SA β-galactosidase staining was higher in P20 than P10 HepaRG cells; in parallel, the comet assay showed consistent DNA damage in P20 HepaRG cells. With respect to P10, P20 HepaRG cells exhibited a reduction of CD49a, CD49f, CD184, EpCAM, and CK19 after the induction of transdifferentiation. Furthermore, lower gene expression of albumin, CYP3A4, and γ-GT, as well as reduced albumin secretion capacity, CYP3A4, and γ-GT activity were reported in transdifferentiated P20 compared to P10 cells. By contrast, the gene expression level of CEA was not reduced by transdifferentiation in P20 cells. Of note, both cellular and mitochondrial oxygen consumption was lower in P20 than in P10 transdifferentiated cells. Finally, both ATP and NAD⁺/NADH were depleted in P20 cells with respect to P10 cells.

CONCLUSION

SA mitochondrial dysfunction may limit the transdifferentiation potential of HepaRG cells, with consequent impairment of metabolic and regenerative properties, which may alter applications in basic studies.

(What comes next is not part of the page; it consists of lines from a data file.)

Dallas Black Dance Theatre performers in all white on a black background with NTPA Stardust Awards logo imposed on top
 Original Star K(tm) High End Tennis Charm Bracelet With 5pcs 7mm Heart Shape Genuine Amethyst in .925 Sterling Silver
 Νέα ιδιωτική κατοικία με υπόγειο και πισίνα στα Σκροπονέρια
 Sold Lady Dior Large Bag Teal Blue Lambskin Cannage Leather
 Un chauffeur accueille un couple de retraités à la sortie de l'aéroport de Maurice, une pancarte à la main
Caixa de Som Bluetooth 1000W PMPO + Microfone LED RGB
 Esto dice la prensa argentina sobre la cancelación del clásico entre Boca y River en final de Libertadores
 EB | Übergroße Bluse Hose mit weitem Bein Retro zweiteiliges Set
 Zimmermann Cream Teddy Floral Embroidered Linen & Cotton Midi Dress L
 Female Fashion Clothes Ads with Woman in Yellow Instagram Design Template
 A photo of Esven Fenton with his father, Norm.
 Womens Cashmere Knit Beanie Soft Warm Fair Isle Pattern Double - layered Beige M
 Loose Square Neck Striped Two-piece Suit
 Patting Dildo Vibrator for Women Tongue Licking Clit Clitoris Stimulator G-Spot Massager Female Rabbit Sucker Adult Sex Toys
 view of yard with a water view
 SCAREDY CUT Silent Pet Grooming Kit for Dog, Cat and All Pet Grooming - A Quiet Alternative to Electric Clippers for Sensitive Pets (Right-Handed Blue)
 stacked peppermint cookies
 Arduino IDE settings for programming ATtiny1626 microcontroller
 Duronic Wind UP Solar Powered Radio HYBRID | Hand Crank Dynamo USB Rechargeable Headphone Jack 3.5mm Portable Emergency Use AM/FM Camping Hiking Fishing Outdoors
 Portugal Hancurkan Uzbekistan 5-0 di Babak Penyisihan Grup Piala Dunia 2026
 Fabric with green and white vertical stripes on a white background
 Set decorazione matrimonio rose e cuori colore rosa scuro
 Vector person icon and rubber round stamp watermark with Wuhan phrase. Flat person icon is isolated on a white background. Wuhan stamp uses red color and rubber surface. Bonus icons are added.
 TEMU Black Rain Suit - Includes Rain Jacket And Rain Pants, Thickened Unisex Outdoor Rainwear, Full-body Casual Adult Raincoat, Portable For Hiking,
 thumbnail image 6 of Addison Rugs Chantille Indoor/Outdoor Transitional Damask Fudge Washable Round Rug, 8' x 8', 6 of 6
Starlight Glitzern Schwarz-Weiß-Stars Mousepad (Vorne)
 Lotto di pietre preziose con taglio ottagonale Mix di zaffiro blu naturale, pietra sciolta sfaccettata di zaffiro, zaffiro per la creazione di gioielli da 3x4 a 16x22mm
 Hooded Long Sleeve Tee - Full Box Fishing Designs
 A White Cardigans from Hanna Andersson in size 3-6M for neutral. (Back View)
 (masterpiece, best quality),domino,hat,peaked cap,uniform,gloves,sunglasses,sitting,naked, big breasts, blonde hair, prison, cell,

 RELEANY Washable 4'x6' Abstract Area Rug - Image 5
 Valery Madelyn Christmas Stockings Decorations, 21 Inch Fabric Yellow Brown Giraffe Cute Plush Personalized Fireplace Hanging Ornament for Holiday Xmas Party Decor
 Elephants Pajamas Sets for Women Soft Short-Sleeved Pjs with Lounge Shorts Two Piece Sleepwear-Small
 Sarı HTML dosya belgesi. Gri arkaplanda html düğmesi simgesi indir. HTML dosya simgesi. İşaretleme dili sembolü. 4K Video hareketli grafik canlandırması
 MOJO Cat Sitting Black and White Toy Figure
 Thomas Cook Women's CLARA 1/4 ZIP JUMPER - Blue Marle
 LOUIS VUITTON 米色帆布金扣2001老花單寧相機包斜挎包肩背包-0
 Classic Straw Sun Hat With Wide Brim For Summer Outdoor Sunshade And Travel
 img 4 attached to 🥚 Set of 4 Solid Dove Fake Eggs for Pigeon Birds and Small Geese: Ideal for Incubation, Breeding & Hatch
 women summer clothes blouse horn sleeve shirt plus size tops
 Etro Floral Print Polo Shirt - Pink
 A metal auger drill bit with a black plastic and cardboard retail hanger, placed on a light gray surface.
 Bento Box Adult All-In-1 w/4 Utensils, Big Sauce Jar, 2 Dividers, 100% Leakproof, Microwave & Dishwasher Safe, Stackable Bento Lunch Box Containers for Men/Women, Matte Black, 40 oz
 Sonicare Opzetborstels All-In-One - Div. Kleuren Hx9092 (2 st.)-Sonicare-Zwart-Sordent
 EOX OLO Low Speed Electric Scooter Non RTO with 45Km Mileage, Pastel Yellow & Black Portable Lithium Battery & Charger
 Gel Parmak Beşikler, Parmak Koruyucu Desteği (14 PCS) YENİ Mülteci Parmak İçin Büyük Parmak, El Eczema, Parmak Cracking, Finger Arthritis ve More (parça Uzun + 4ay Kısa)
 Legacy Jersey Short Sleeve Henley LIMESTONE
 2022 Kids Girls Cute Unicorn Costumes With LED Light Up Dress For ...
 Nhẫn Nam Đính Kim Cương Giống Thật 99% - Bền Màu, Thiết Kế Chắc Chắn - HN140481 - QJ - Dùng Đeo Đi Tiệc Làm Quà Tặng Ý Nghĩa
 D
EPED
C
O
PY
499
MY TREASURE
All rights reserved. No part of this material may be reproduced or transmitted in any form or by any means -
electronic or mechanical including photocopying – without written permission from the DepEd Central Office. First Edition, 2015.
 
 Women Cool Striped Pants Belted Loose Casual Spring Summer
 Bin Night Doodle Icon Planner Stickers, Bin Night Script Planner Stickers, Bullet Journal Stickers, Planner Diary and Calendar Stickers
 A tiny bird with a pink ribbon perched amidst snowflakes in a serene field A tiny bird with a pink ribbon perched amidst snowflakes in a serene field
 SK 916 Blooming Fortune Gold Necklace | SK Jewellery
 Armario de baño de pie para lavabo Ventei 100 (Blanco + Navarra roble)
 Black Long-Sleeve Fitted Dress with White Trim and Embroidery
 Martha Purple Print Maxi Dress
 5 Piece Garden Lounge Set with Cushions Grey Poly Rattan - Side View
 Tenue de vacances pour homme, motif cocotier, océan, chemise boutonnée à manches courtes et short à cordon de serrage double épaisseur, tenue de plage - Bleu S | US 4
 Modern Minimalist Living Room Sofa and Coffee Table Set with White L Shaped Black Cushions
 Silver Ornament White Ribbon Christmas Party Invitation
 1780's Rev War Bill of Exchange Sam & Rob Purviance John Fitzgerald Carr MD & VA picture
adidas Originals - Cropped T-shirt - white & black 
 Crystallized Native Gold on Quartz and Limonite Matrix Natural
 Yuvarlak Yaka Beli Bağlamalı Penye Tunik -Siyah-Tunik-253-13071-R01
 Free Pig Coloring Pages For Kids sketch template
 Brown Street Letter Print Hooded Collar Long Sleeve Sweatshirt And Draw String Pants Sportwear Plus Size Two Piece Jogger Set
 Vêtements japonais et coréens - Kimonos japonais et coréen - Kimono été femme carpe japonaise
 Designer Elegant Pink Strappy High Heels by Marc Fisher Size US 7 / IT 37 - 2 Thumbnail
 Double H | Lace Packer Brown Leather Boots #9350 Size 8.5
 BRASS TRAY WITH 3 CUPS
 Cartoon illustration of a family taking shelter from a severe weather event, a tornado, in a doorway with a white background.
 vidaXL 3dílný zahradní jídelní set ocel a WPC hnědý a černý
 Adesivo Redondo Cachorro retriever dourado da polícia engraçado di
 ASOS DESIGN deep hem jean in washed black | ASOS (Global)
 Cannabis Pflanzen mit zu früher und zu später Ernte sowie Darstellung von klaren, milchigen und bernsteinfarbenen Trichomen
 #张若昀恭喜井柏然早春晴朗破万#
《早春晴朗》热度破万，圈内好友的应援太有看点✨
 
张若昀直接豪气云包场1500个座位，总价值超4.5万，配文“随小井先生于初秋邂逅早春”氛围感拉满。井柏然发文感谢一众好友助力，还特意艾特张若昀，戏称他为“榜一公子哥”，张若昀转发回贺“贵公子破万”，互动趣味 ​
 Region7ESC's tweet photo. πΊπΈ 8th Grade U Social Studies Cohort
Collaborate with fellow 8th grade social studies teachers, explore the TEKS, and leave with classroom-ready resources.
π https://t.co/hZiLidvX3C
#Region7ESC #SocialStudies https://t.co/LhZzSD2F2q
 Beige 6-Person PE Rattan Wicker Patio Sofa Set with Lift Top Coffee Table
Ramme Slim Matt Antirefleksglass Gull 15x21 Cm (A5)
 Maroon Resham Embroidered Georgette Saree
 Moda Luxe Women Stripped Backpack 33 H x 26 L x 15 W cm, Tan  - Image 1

Keywords: Senescence; HepaRG cells; Transdifferentiation; Mitochondria; Regeneration; Nicotinamide adenine dinucleotide

Core Tip: The human HepaRG cell line represents an effective model for the study of liver metabolism and hepatic progenitors. However, the impact of senescence on HepaRG cells is not known. We characterized the effects of senescence on the transdifferentiation capacity and mitochondrial metabolism of HepaRG cells. By using a replication protocol, we described higher senescence-associated markers and lower transdifferentiation markers in passage 20 (P20) than in P10 cells. Cellular and mitochondrial oxygen consumption, and ATP and nicotinamide adenine dinucleotide (NAD⁺)/NAD with hydrogen (NADH) content were lower in P20 than in P10 transdifferentiated cells. To conclude, senescence-associated mitochondrial dysfunction may limit the transdifferentiation potential of HepaRG cells.